A JPEG Pleno Light Field AhG has also started the preparation of a first workshop on Subjective Light Field Quality Assessment and a second workshop on Learning-based Light field Coding, to exchange experiences, to present technological advances and research results on light field subjective quality assessment and to present technological advances and research results on learning-based coding solutions for light field data, respectively.
During its 96th meeting, a Second Draft Call for Contributions on Subjective Image Quality Assessment was issued. The final Call for Contributions is now planned to be issued at the 97th JPEG meeting. The standardization process will be collaborative from the very beginning, i.e. all submissions will be considered in developing the next extension of the JPEG AIC standard. The deadline for submissions has been extended to 1 April 2023 at 23:59 UTC. Multiple types of contributions are accepted, namely subjective assessment methods including supporting evidence and detailed description, test material, interchange format, software implementation, criteria and protocols for evaluation, additional relevant use cases and requirements, and any relevant evidence or literature. A dataset of sample images with compression-based distortions in the target quality range is planned to be prepared for the 97th JPEG meeting.
With the 2nd edition of JPEG XS now in place, the JPEG Committee continues with the development of the 3rd edition of JPEG XS Part 1 (Core coding system) and Part 2 (Profiles and buffer models). These editions will address new use cases and requirements for JPEG XS by defining additional coding tools to further improve the coding efficiency, while keeping the low-latency and low-complexity core aspects of JPEG XS. The primary goal of the 3rd edition is to deliver the same image quality as the 2nd edition, but for specific content such as screen content with half of the required bandwidth. In this respect, experiments have indicated that it is possible to increase the quality in static regions of an image sequence by more than 10dB when compared to the 2nd edition. Based on the input contributions, a first working draft for 21122-1 has been created, along with the necessary core experiments for further evaluation and verification.
In addition, JPEG has finalized the work on the amendment for Part 2 2nd edition that defines a new High 4:2:0 profile and the new sublevel Sublev4bpp. This amendment is now ready for publication by ISO. In the context of Part 4 (Conformance testing) and Part 5 (Reference software), the JPEG Committee decided to make both parts publicly available.

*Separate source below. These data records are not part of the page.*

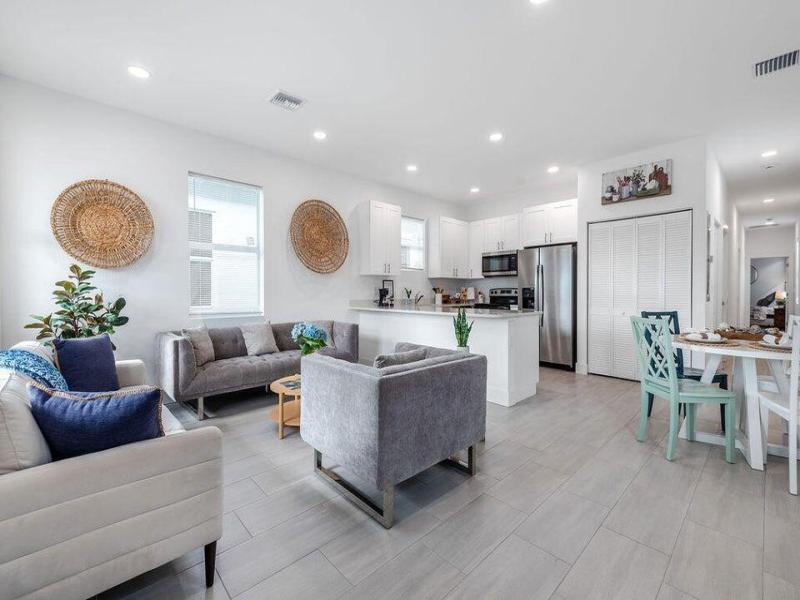 MLS #RX-11129279 image #0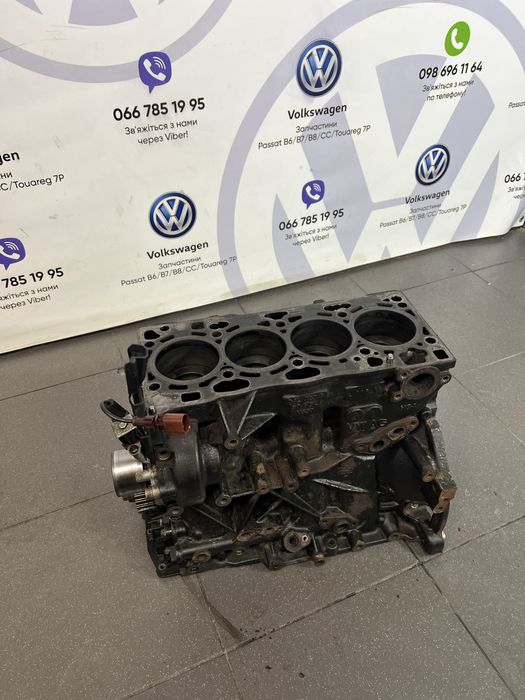 Блок мотора пеньок CLH 1.6 TDI Skoda Volkswagen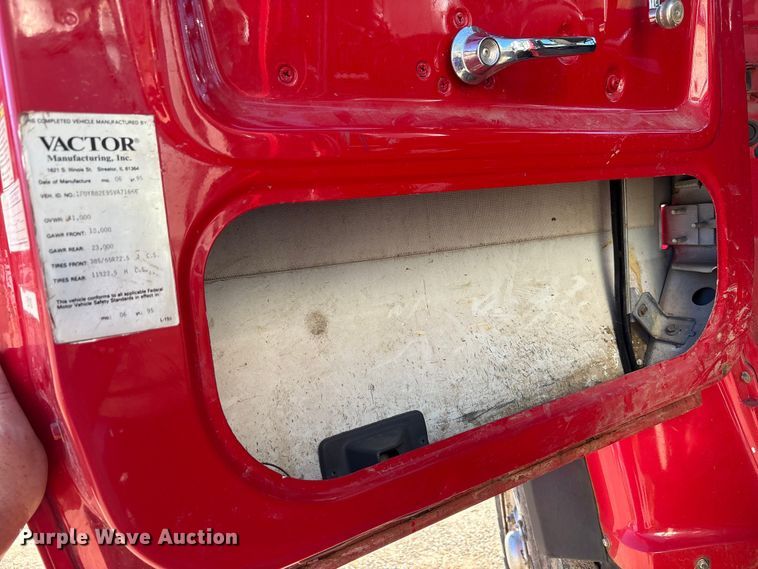 image for item EM6113 1995 Ford LN8000 sewer jetter truck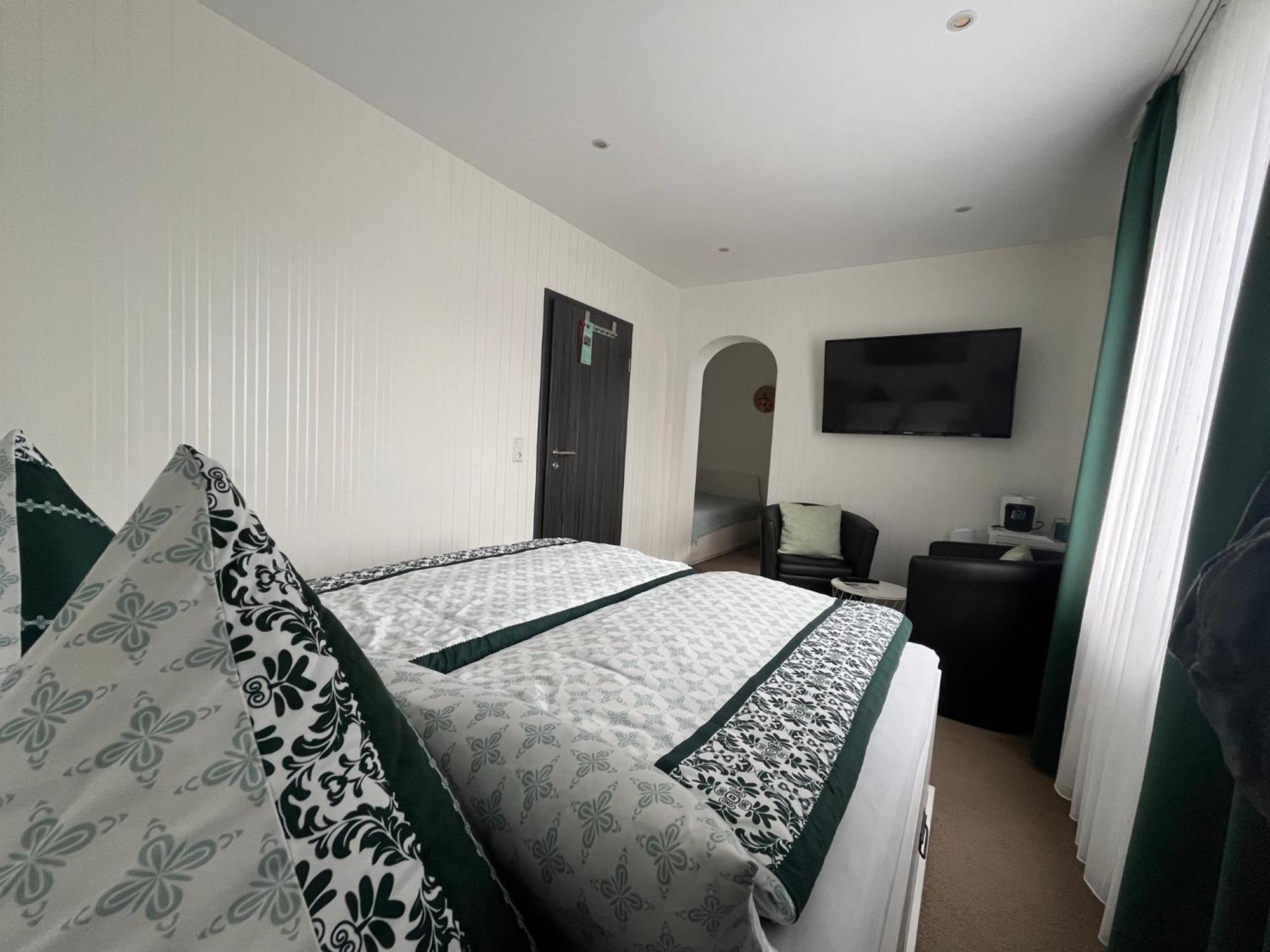 Hotel Pension Haus Talblick Edersee Hemfurth-Edersee ภายนอก รูปภาพ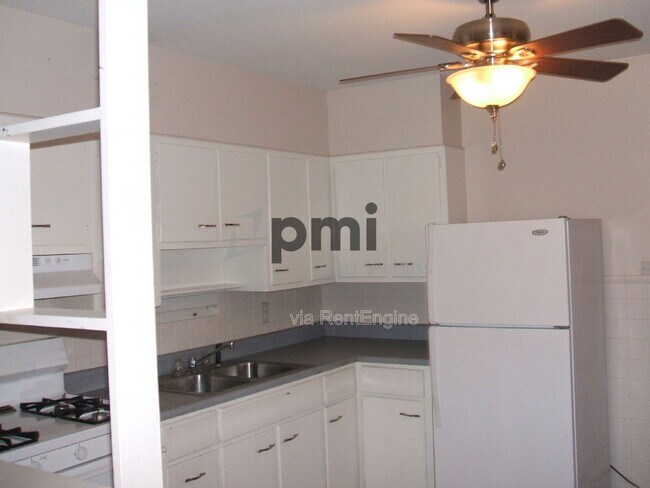 Foto del edificio - 31 Sickles Dr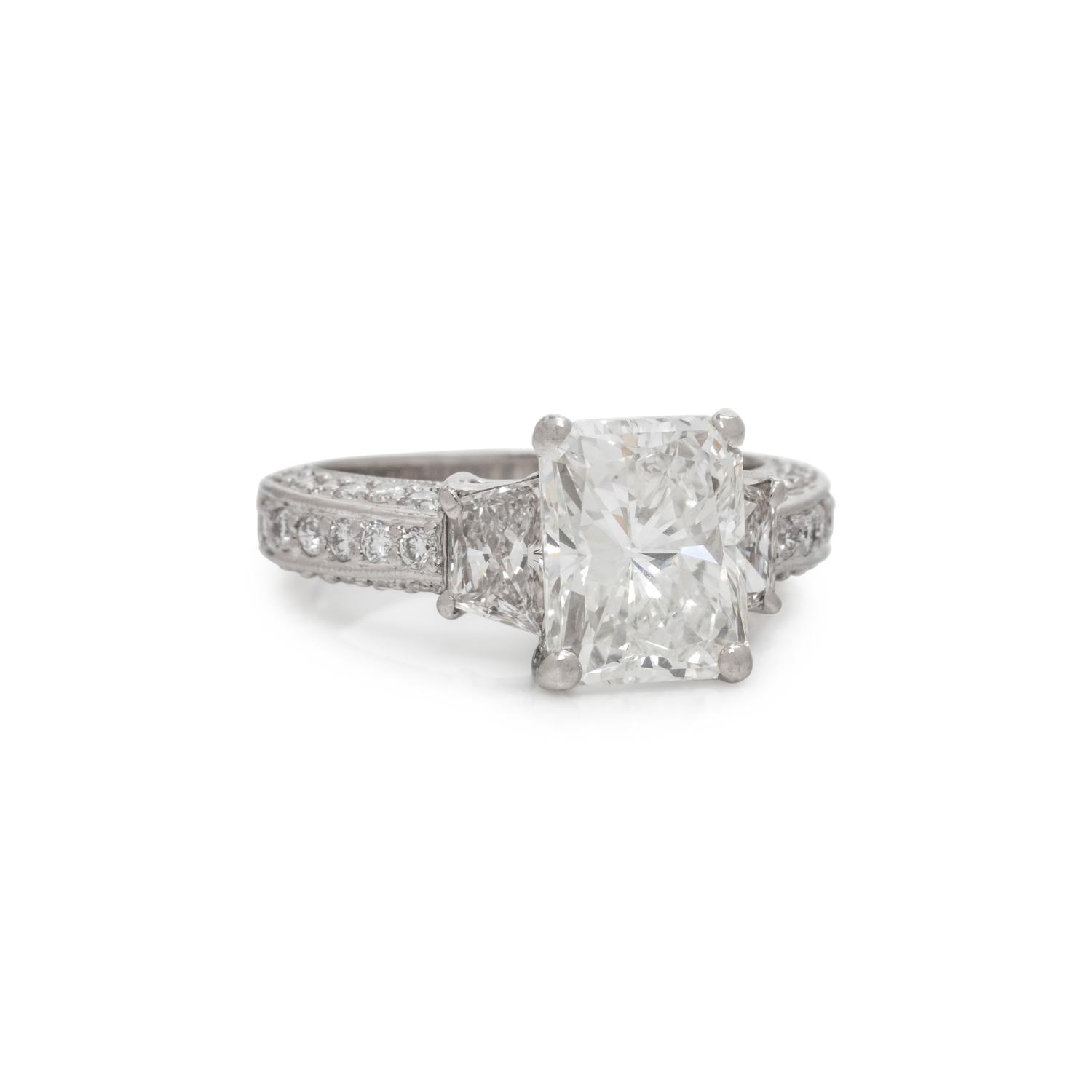 DIAMOND RING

Finally, the JPEG Committee decided to create a series of public documents, called the “JPEG XS in-depth series” that will explain various features and applications of JPEG XS to a broad audience. The first document in this series explains the advantages of using JPEG XS for raw image compression and will be published soon on jpeg.org.
The JPEG Committee published a case study that compares HT2K, ProRes and JPEG 2000 Part 1 when processing motion picture content with widely available commercial software tools running on notebook computers, available at https://ds.jpeg.org/documents/jpeg2000/wg1n100269-096-COM-JPEG_Case_Study_HTJ2K_performance_on_laptop_desktop_PCs.pdf
JPEG 2000 is widely used in the media and entertainment industry for Digital Cinema distribution, studio video masters and broadcast contribution links. High Throughput JPEG 2000 (HTJ2K or JPEG 2000 Part 15) is an update to JPEG 2000 that provides an order of magnitude speed up over legacy JPEG 2000 Part 1.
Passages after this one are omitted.